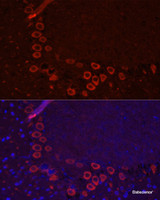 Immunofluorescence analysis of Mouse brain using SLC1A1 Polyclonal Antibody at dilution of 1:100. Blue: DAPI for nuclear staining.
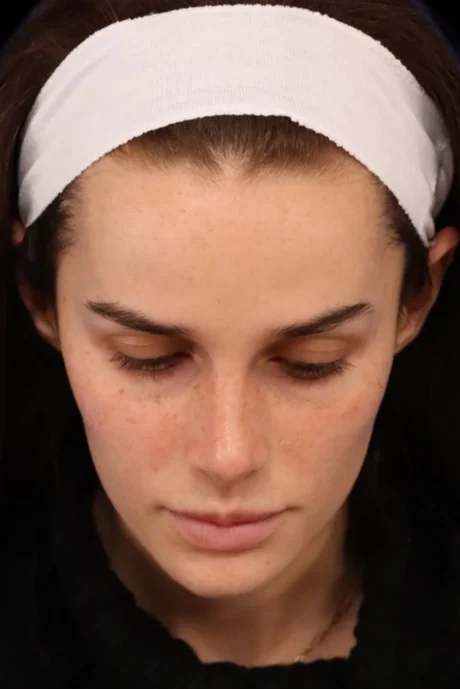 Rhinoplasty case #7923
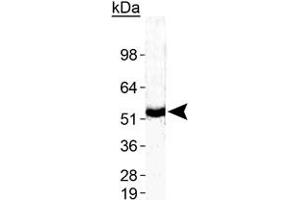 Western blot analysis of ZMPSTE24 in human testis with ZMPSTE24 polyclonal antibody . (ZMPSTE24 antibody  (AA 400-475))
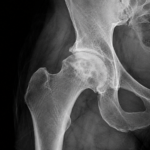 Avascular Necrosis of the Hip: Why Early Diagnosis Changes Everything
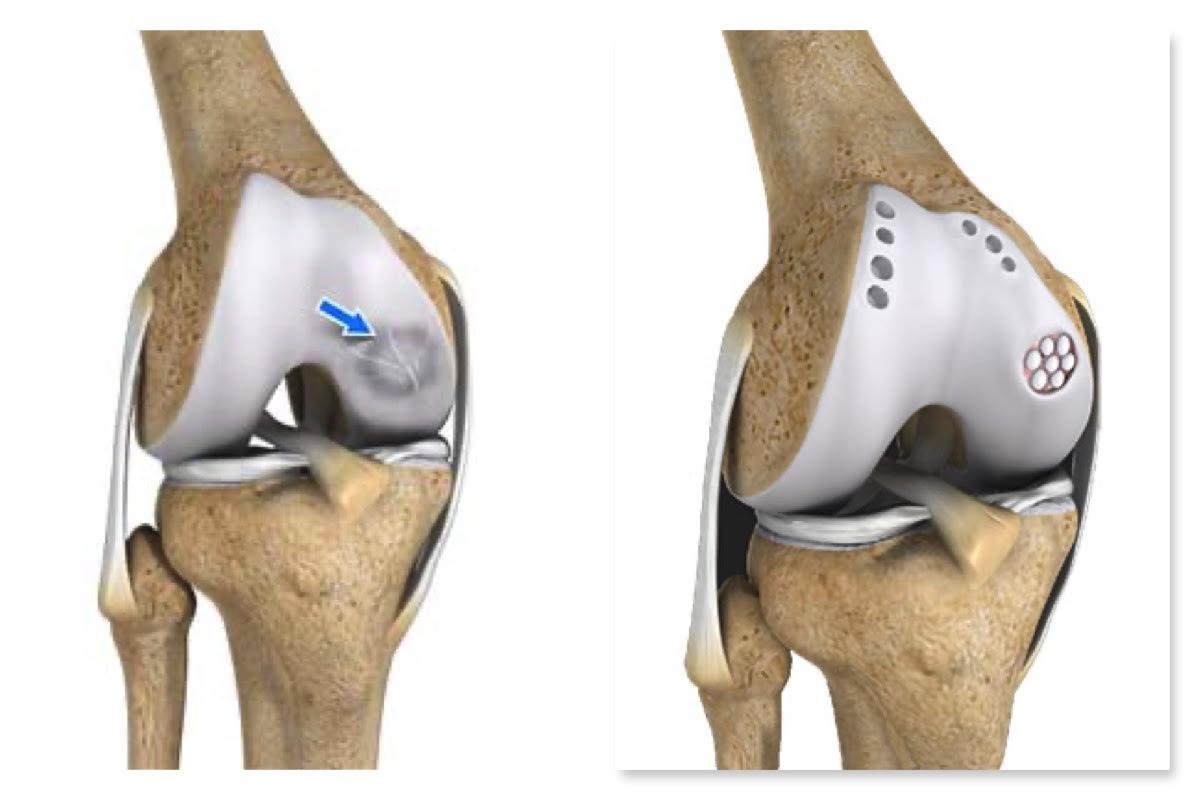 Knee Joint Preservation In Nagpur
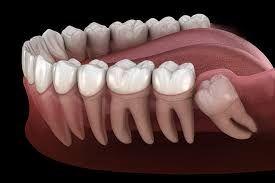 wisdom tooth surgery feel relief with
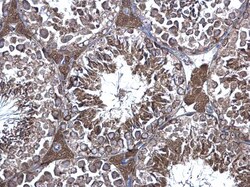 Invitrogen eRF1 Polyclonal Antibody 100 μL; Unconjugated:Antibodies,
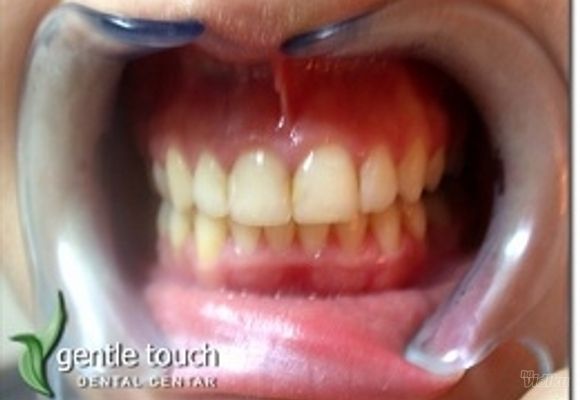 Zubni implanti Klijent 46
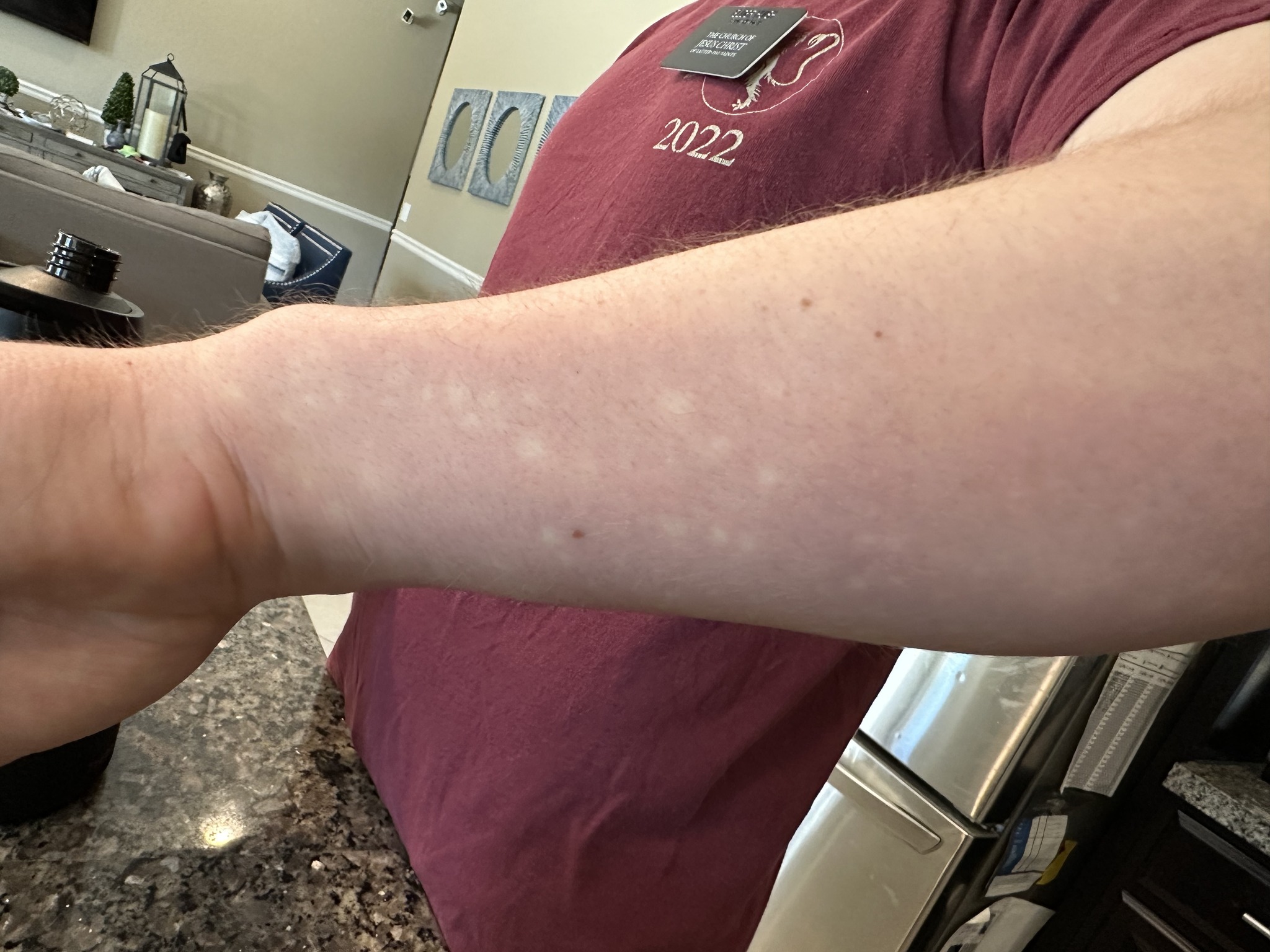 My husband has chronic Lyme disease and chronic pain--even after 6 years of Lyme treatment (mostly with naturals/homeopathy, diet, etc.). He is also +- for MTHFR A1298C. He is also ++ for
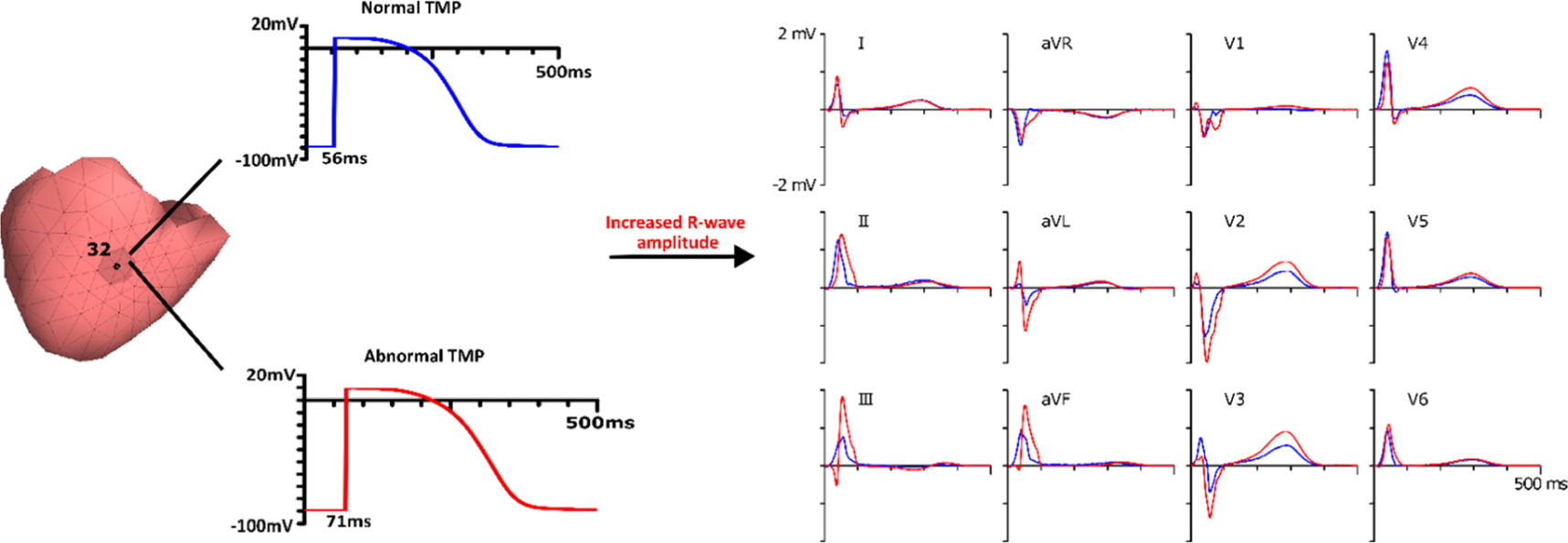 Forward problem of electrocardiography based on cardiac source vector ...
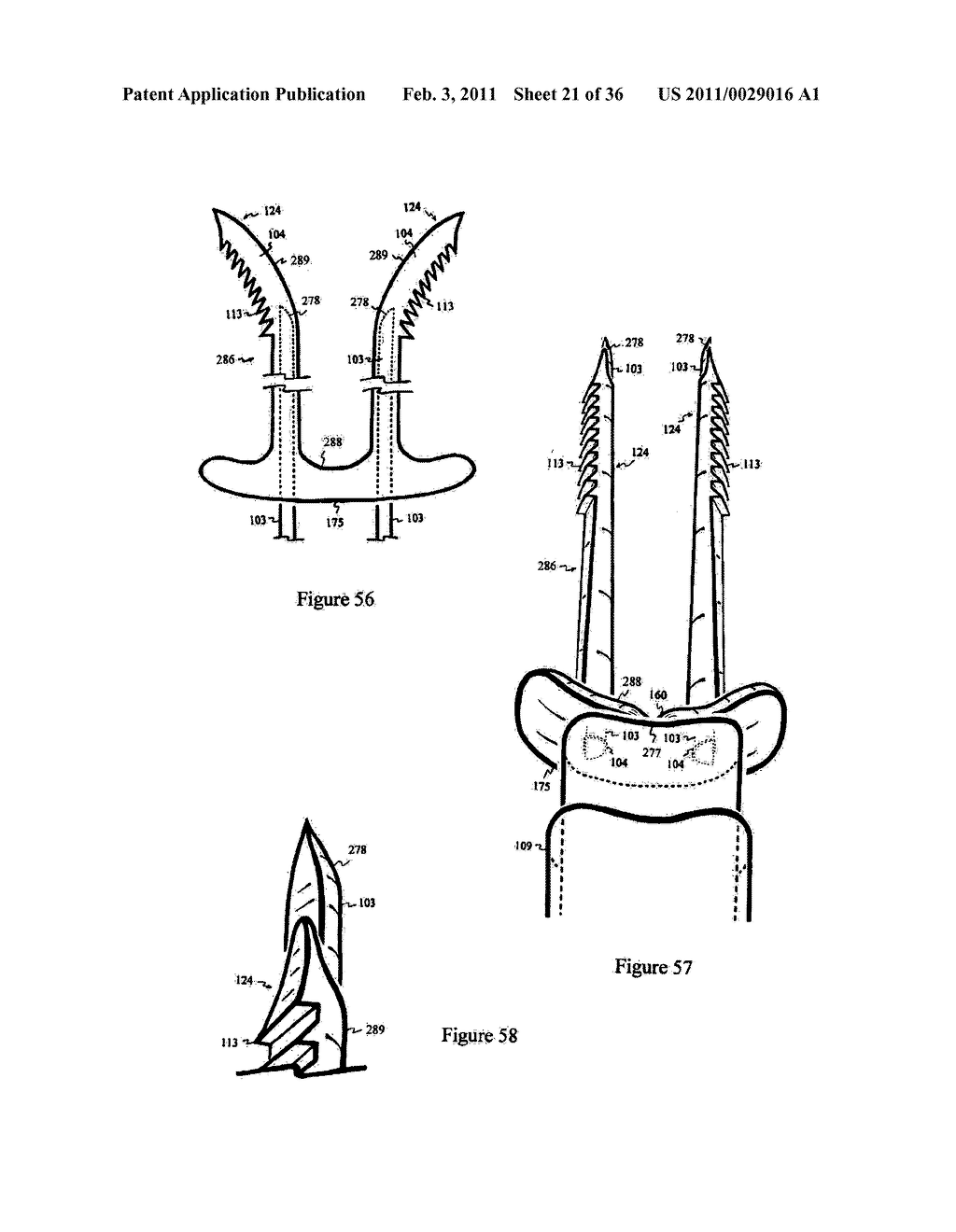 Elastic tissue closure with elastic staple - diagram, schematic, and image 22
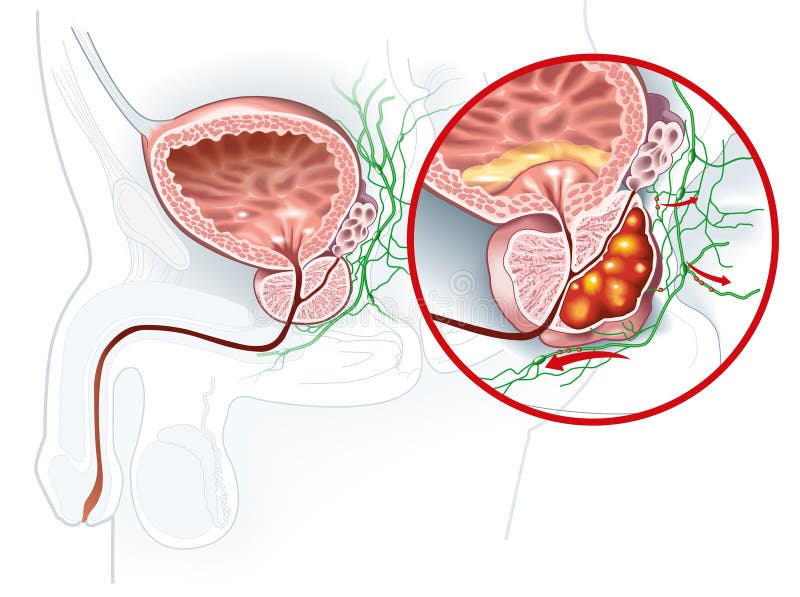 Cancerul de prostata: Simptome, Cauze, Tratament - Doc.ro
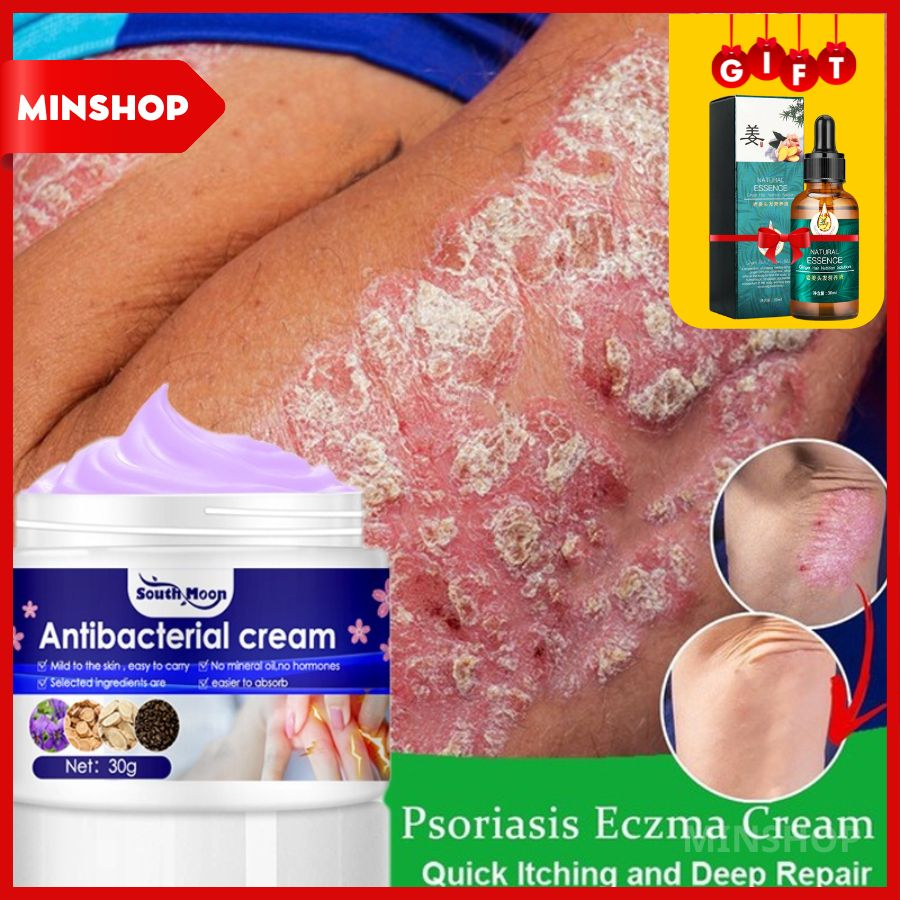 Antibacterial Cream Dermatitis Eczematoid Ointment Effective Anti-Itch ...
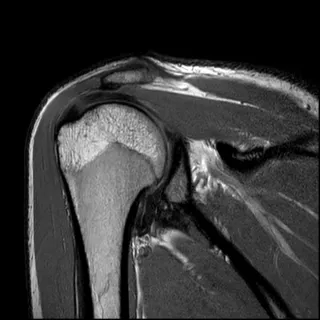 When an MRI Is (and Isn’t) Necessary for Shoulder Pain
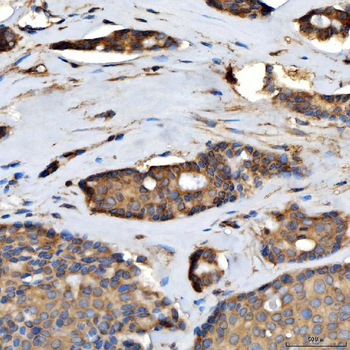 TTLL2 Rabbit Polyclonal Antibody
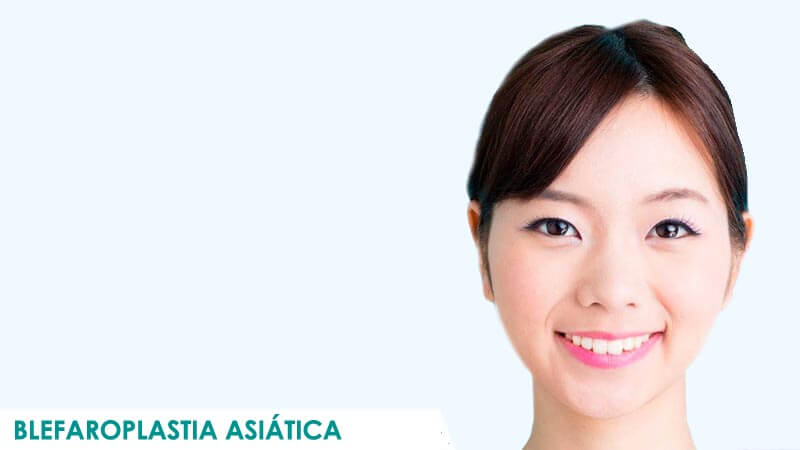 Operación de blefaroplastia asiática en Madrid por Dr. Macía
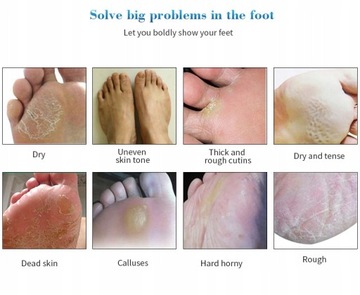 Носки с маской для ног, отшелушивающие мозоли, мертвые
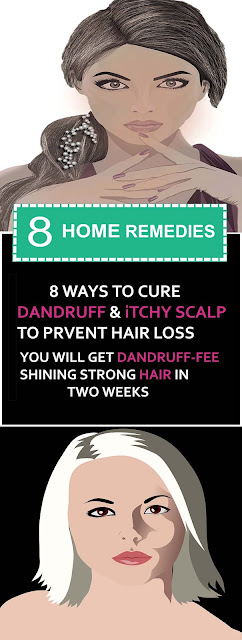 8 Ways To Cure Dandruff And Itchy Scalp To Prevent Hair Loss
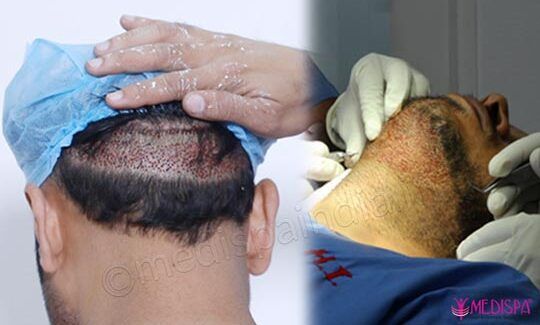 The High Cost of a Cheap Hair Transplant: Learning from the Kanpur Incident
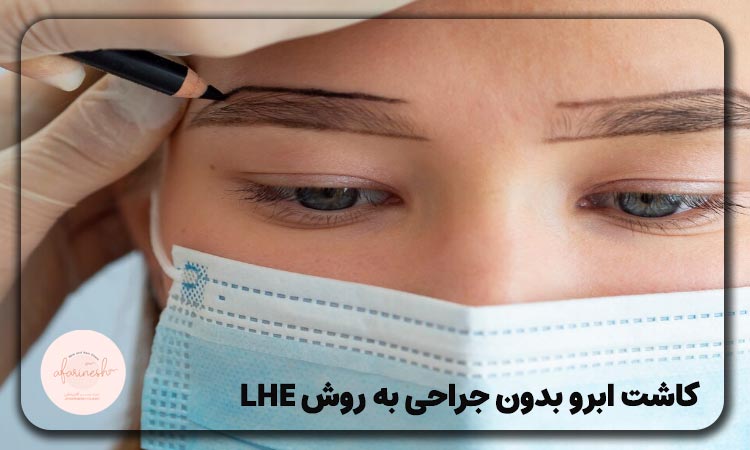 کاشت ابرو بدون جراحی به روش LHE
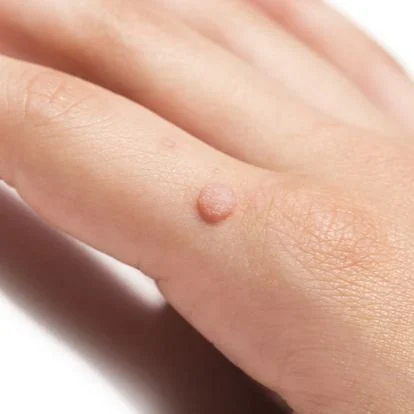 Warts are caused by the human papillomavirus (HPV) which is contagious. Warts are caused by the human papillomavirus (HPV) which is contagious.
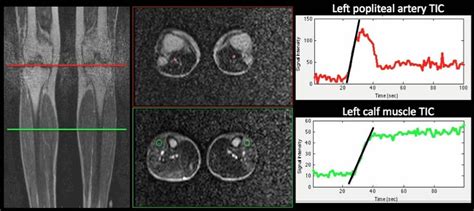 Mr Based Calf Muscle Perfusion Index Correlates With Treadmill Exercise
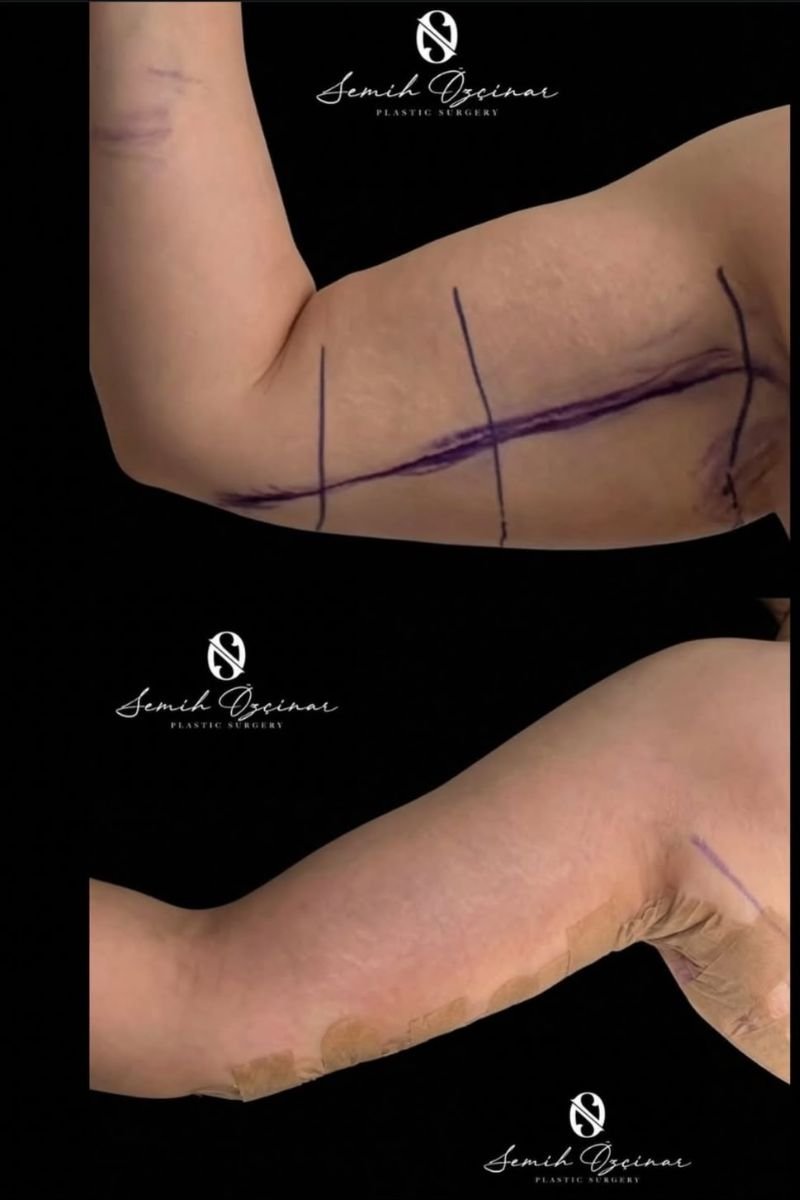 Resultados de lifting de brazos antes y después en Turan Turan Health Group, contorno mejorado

### WHAT TO WORK ON
Nothing but the lines from the one with "Avascular Necrosis of" to the one with "کاشت ابرو بدون جراحی به روش LHE" above, both included, should be transcribed, exactly and without pictures.

### ANSWER SECTION
 Avascular Necrosis of the Hip: Why Early Diagnosis Changes Everything
 Knee Joint Preservation In Nagpur
 wisdom tooth surgery feel relief with
 Invitrogen eRF1 Polyclonal Antibody 100 μL; Unconjugated:Antibodies,
 Zubni implanti Klijent 46
 My husband has chronic Lyme disease and chronic pain--even after 6 years of Lyme treatment (mostly with naturals/homeopathy, diet, etc.). He is also +- for MTHFR A1298C. He is also ++ for
 Forward problem of electrocardiography based on cardiac source vector ...
 Elastic tissue closure with elastic staple - diagram, schematic, and image 22
 Cancerul de prostata: Simptome, Cauze, Tratament - Doc.ro
 Antibacterial Cream Dermatitis Eczematoid Ointment Effective Anti-Itch ...
 When an MRI Is (and Isn’t) Necessary for Shoulder Pain
 TTLL2 Rabbit Polyclonal Antibody
 Operación de blefaroplastia asiática en Madrid por Dr. Macía
 Носки с маской для ног, отшелушивающие мозоли, мертвые
 8 Ways To Cure Dandruff And Itchy Scalp To Prevent Hair Loss
 The High Cost of a Cheap Hair Transplant: Learning from the Kanpur Incident
 کاشت ابرو بدون جراحی به روش LHE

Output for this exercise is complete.